[Web page caption snippets]
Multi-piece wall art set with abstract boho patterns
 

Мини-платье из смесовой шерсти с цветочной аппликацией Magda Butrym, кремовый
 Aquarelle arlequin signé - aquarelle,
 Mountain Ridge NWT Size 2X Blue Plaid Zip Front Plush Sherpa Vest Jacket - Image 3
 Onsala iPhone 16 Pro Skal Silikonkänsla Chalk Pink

**Task to complete**
Restate the records, all of them, precisely as written.

**Written answer**
Multi-piece wall art set with abstract boho patterns
 

Мини-платье из смесовой шерсти с цветочной аппликацией Magda Butrym, кремовый
 Aquarelle arlequin signé - aquarelle,
 Mountain Ridge NWT Size 2X Blue Plaid Zip Front Plush Sherpa Vest Jacket - Image 3
 Onsala iPhone 16 Pro Skal Silikonkänsla Chalk Pink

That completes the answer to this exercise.